Once sampling of the container has been completed, the mouth of the container is re- inserted into the cavity 8 of the device 1 through the slot 12 at the closed end 5 where the cap is held. The engagement force applied by the user is sufficient to lift the cap out of the capture region 15 of the cavity and it is pressed against the top wall 4 whilst the mouth of the container is firmly engaged therein. In this raised position, the cap is free to move along the cavity towards the open end and over the constriction as the user slides the neck of the container along the slot 11, the cap passing out through the open end of the device 1.

In order to further facilitate the free movement of the cap along the cavity into and out of the capture region 15, the side walls 2,3 of the device taper inwards towards the closed end wall 6, as clearly shown in Figure 3, so that the width of the cavity decreases towards the capture region 15 to a dimension which is a close tolerance fit with the maximum outer dimension of the cap at the capture region. In this way, adequate clearance is provided between the cap and the walls of the chamber 8 to allow free movement of the cap along the device whilst ensuring that the cap is guided into a central position within the capture region 15 and is also frictionally engaged by the side walls 2,3 as well as by the end wall 6 and the rear face 14b of the projections 14 when engaged in the capture region, hence maximising the restraining for applied to the cap. It will also be noted that the chamber tapers inwardly from the top wall 4 to the bottom wall as shown in Figure 5, thereby further facilitating free movement of the cap along the cavity when it is positioned proximate to the top wall 4 whilst ensuring the cap is both central and properly engage by the side walls when engaged in the capture region 15.
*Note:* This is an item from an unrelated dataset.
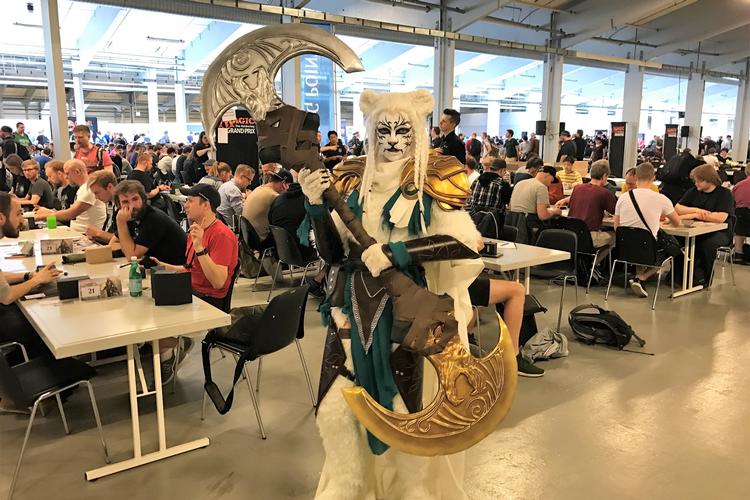 Cosplay til Magic: The Gathering Grand Prix i Bella Centret i København. Kvinden på billedet er klædt ud som katten Ajani Goldmane - en helt fra Magic-universet. Foto: Christian Nobel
Additionally projections may be provided on the inner surfaces of the sides 2,3 and end wall 6 of the device proximate to the bottom wall 10 as shown in Figure 1. These projections, which, in the illustrated embodiment are formed as taper darts which point towards the top wall, from a further restriction in the capture region 15 which ensures that a cap is firmly engaged when it is drawn into the capture region and hence finnly retained therein. It will, of course, be understood that the provision of such dart projections 16 in the capture region 15 might avoid the need for the cavity 8 to taper inwardly towards the bottom wall 10.

It will, of course, be understood that a number of variations to the invention may be made within the underlying concept. For example, the device may be provided with a plurality of longitudinally spaced pairs of projections, each pair being associated with a capture region of a different size, the capture regions being sorted into decreasing sizes as a cap is moved along the device towards the closed end. In this way, the device can be used with caps of a variety of different sizes, each cap size having associated projections and capture zone in which it engages and is secured upon removal from a container. In this arrangement, each capture zone may be terminated at its end proximate to the closed end 5 of the device by a constriction which prevents caps of a size associated therewith from travelling further along the device than said capture zone whilst caps of a smaller size can pass through the constriction and further along the cavity towards their associated capture region. The slot in the bottom wall may also, then, taper inwards towards the closed end of the device to reflect the smaller container size which would typically be associated with the smaller cap sizes, thereby ensuring that the flanges properly engage and operate to retain each cap within its associated capture region.